The message went on to note parenthetically that both Putin and Lavrov had had to “personally approve the delegation’s travel to this event.”
In a previous message to Erickson, Butina wrote that the purpose of the Russians attending the event was to "establish a back channel of communication."
Butina’s lawyer argued that she just “believes and desires peace and better US-Russia relations,” and that what prosecutors describe as her “reports” to Torshin were just due to her being “energized by the excitement of witnessing history and charmed by American culture and politics,” which she wanted to tell people back home about.
“For all of the government insinuation and media coverage of Hollywood style, spy-novel allegations, in reality this case is bereft of any tradecraft or covert activity whatsoever,” he said last week. “There are no dead drops, no brush passes, no secret communication devices, no bags of cash or payoffs, no bribes, no confidential secret information gathering, no espionage type activity, and no agency or agreement to commit crime.”
US prosecutors countered that no one is accusing her of Cold War–era spycraft.
“Stealing 'national secrets' is not an element of any of the offenses with which the defendant is charged,” they wrote.
But they also made clear that they believe the Russian government's actions show that Butina was no average Russian caught up in an American court case.

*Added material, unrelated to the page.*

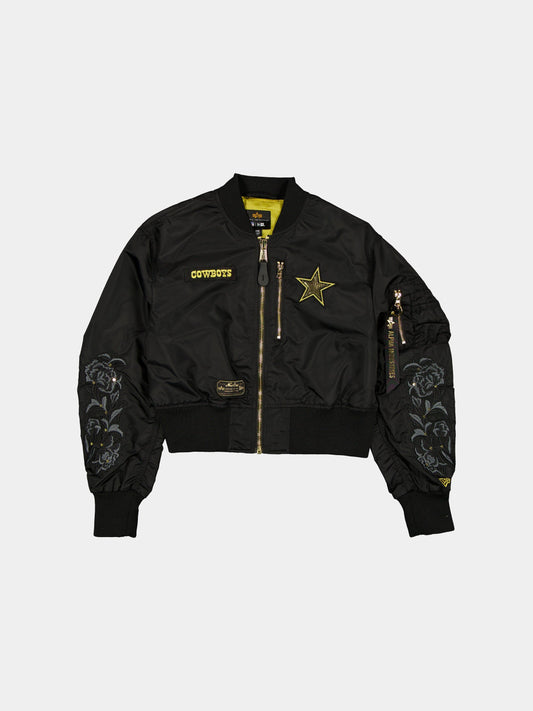 DALLAS COWBOYS X ALPHA X NEW ERA L-2B CROPPED BOMBER JACKET WOMENS OUTERWEAR Alpha Industries BLACK/GOLD XS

Since her arrest, the prosecutors said, Butina has been visited in jail six times by Russian officials, her detention has been the subject of four notes from the Russian government to the State Department and two conversations between Foreign Minister Lavrov and Secretary of State Mike Pompeo, and the Russian Foreign Ministry has changed the avatar on its Twitter account to an image of Butina.
"Russia has issued more diplomatic notes on the defendant's behalf in the past month than for any other Russian citizen imprisoned in the United States in the past year."
Butina’s next court date is in November.